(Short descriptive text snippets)
● ● ● ● ● ● ●

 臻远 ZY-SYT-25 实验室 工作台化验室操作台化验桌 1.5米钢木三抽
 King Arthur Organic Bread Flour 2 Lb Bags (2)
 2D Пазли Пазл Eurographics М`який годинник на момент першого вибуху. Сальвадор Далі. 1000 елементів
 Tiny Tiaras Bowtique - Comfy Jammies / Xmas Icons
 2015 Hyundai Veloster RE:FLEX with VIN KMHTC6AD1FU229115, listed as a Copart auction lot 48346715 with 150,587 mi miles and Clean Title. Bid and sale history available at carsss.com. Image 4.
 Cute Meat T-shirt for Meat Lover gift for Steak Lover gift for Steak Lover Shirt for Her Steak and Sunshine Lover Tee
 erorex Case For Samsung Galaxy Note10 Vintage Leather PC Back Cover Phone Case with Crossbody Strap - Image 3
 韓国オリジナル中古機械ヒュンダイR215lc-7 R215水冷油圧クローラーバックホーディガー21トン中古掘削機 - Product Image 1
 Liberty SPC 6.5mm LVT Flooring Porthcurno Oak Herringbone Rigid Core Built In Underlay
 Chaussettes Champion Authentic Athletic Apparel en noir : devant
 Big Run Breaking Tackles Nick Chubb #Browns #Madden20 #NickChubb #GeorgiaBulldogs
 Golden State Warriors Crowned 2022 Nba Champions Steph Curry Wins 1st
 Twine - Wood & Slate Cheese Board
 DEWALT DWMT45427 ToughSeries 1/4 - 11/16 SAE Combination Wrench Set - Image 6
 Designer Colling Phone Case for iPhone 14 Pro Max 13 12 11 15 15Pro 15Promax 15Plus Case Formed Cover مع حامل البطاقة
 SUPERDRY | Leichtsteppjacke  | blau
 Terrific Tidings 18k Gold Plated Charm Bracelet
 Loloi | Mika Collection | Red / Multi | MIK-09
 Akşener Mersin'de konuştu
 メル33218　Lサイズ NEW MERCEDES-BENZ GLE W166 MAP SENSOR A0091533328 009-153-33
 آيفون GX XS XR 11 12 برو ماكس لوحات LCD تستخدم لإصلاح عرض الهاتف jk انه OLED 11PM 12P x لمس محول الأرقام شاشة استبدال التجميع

● ● ● ● ● ● ●

WHAT THIS TASK INVOLVES: Look through the entries and find each line that has the string "Cover". Copy those lines.

WORKED SOLUTION:
 erorex Case For Samsung Galaxy Note10 Vintage Leather PC Back Cover Phone Case with Crossbody Strap - Image 3
 Designer Colling Phone Case for iPhone 14 Pro Max 13 12 11 15 15Pro 15Promax 15Plus Case Formed Cover مع حامل البطاقة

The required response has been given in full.